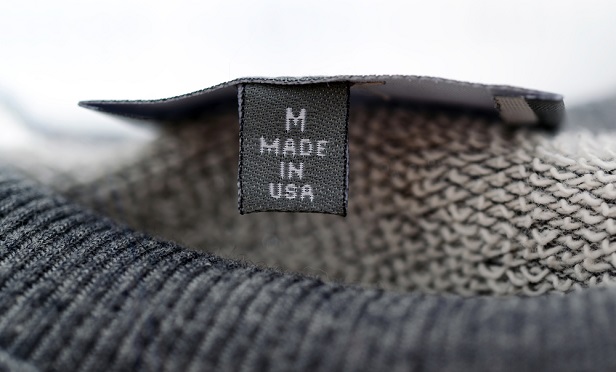 Made in USA tag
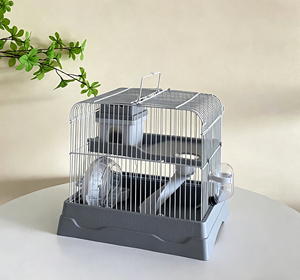 <span class=keywords><strong>Cage</strong></span> à hamster de luxe à double étage, <span class=keywords><strong>cage</strong></span> portable de grande taille pour hamster doré, hamster syrien, habitat multi-niveaux pour petits animaux - Product Image 2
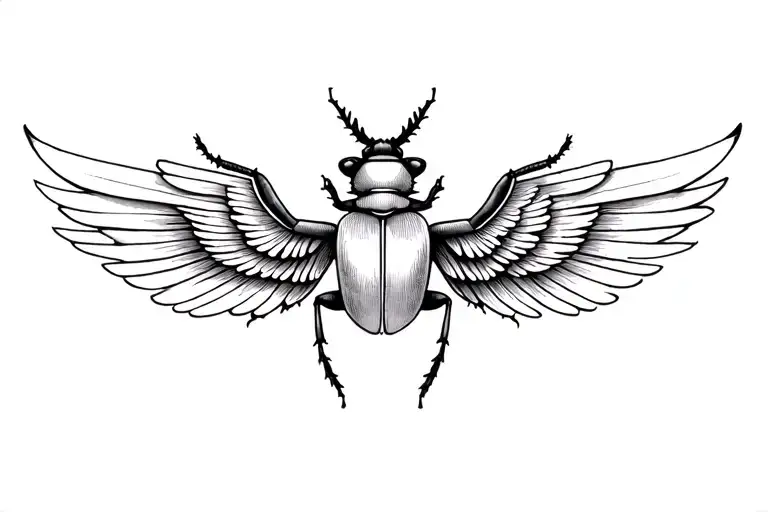 Ancient Egyptian Winged Beetle Armband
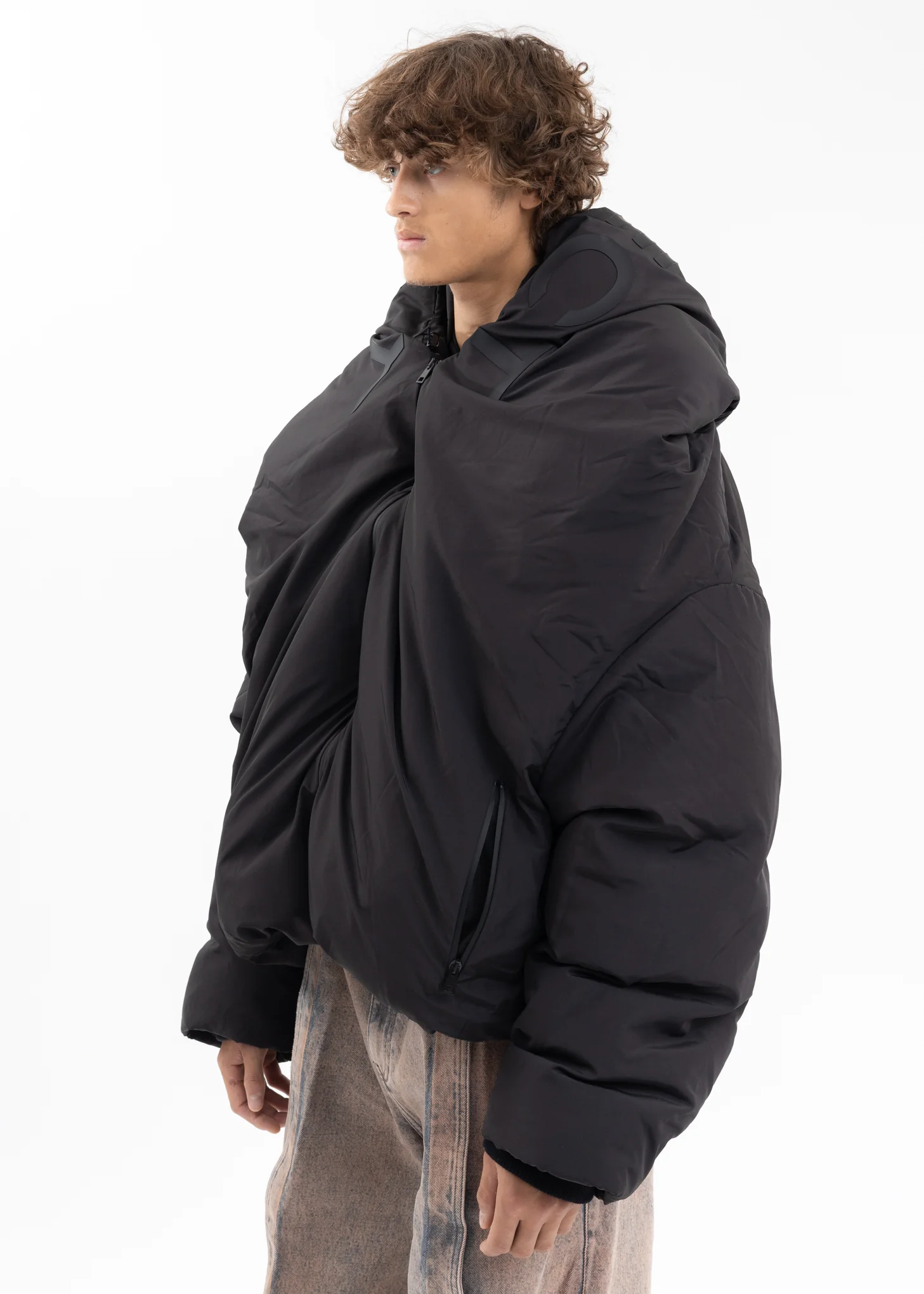 BLACK MONSTER PUFFER JACKET - Image 6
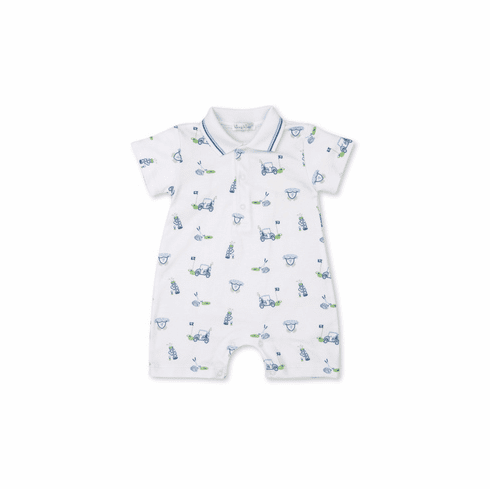 Kissy Kissy Longest Drive Print Short Playsuit with Collar F21LD23P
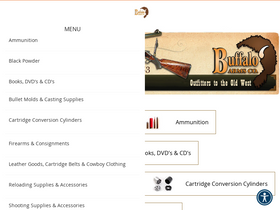 'buffaloarms.com' screenshot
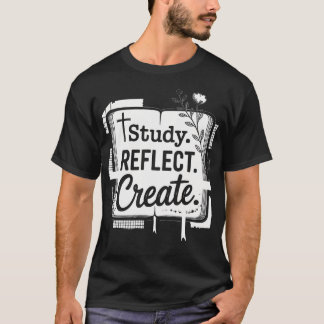 Study Reflect Create Bible Journaling T-Shirt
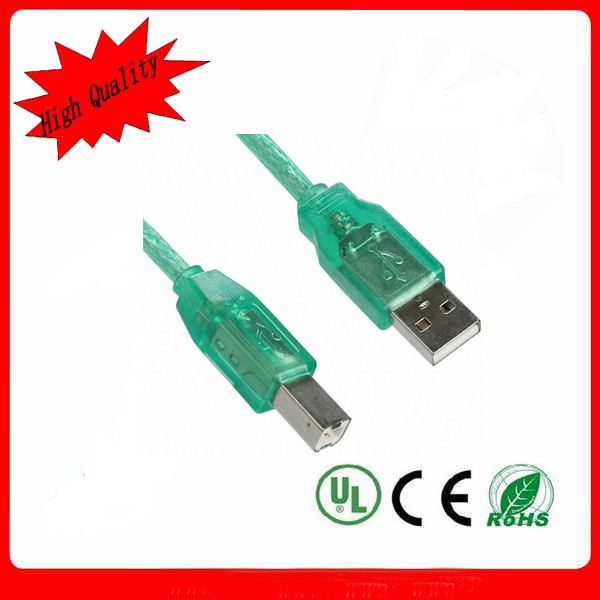 Transparent Green Print USB Cable (NM-USB-256)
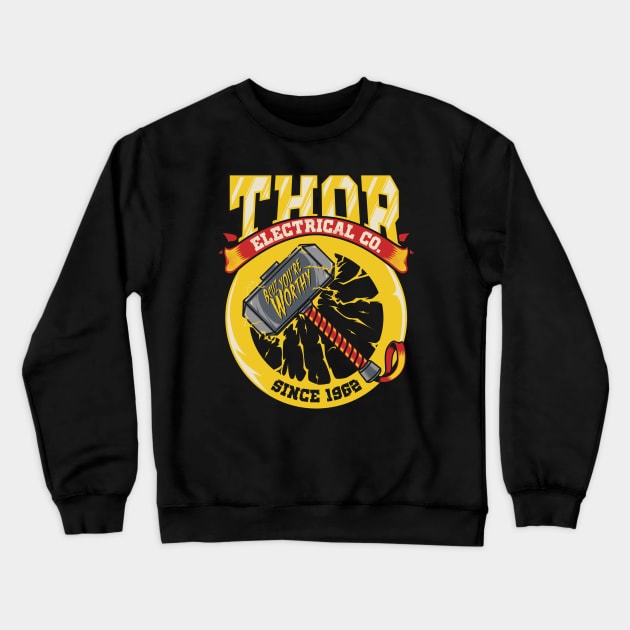 Thor Electrical Co. Crewneck Sweatshirt by Akiwa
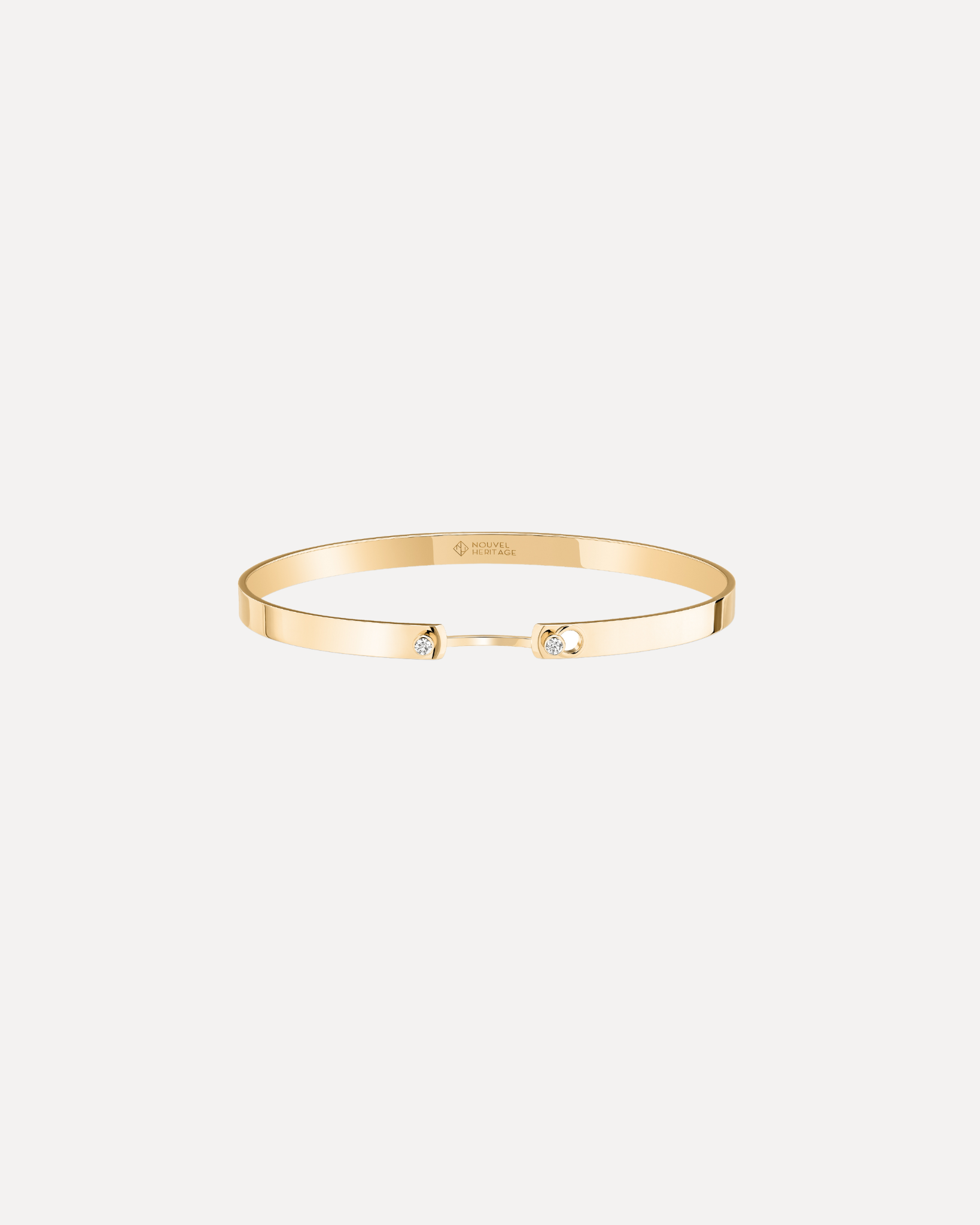 Monday Morning Bangle - Yellow Gold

• **The task**
A word-for-word repeat is expected of the lines from the one with "Kissy Kissy Longest" to the end of the data, both included; pictures are not part of it.

• **Result for this exercise**
 Kissy Kissy Longest Drive Print Short Playsuit with Collar F21LD23P
 'buffaloarms.com' screenshot
 Study Reflect Create Bible Journaling T-Shirt
 Transparent Green Print USB Cable (NM-USB-256)
 Thor Electrical Co. Crewneck Sweatshirt by Akiwa
 Monday Morning Bangle - Yellow Gold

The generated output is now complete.